The market is a model of groupthink. Something initiates a downturn (or upturn), and suddenly people are jumping to join in the trading. Individuals can lose their identities and wealth as they conform to the movement du jour. “This is not a fair assessment!” you exclaim. “All those people had a very personal and individual stake in the trend of the market on that bleak October day. Each was acting individually to save his investment; each tried to avoid loss.”
You are correct, of course, but that is only part of the story. The loss of individuality came as not in the form of just one or a few people, but rather as a large group that thought the same way. By 11:30 a.m. their thinking had undercut the market so much that not even J. P. Morgan and other bankers—who subsequently had injected money into the system to stop the damage—could prevent the larger crash. Think about that. By 11:30 a.m. a large segment of investors acted in unison and panic.
Groupthink works very fast on a vast number of people. And today, with our more sophisticated interconnectedness, it spreads both emotions and ideas more rapidly and more extensively than anyone reading tickertape back in 1929 could imagine. Groupthink here is groupthink there in minutes. Place is irrelevant when one joins the group.
Of course, there are those who recognize a particular instance of groupthink as it occurs, and they enjoy some freedom from mob decisions. But to some extent all of us are like those in a rapid sell-off before 11:30 a.m., people who think and act because others, nameless others, are thinking and acting. Do we individually act with the group as a matter of self-preservation? Is it a matter of passive conformity? Is it just a matter of taking generalizations and applying them specifically? And how do we know when our thinking isn’t groupthinking?
Forget stock market economics for a sec.

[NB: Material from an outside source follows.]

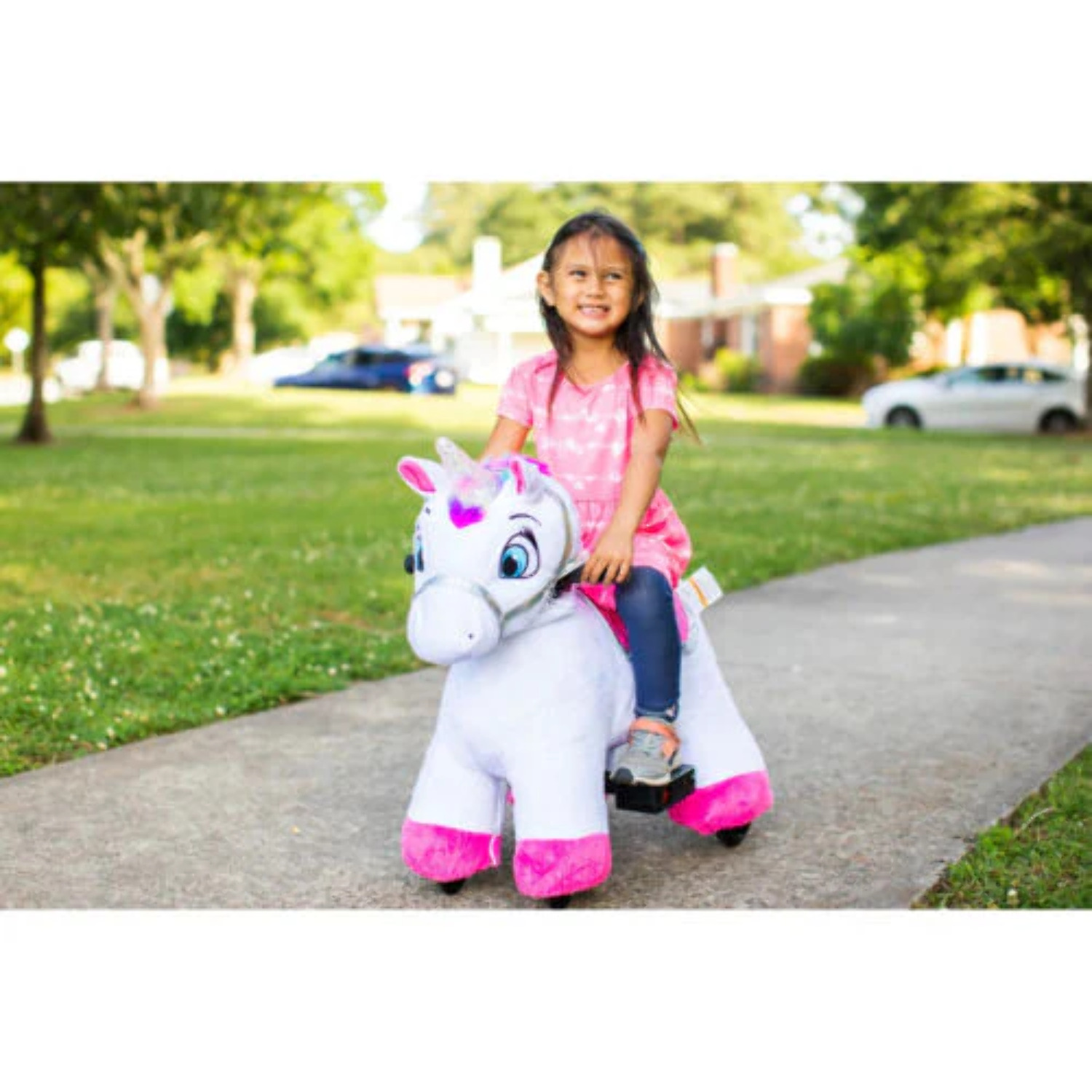 Willow the Unicorn Plush RideOn Toy with Light and Sound Effects 6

Acting to save your money is prudent, so when a financial crisis occurs, regardless of the number of people involved you have to take self-serving steps even when such steps are imitative. But consider any aspect of your life, such as whom you follow, whom you disdain, and whom you praise. What can you do to separate yourself from groupthink? Do you even care that what you think might be a manifestation of groupthink? Do you respond as the group does by 11:30 a.m.? You can be in the group’s wrong place at the wrong time or in the right place at the group’s wrong time.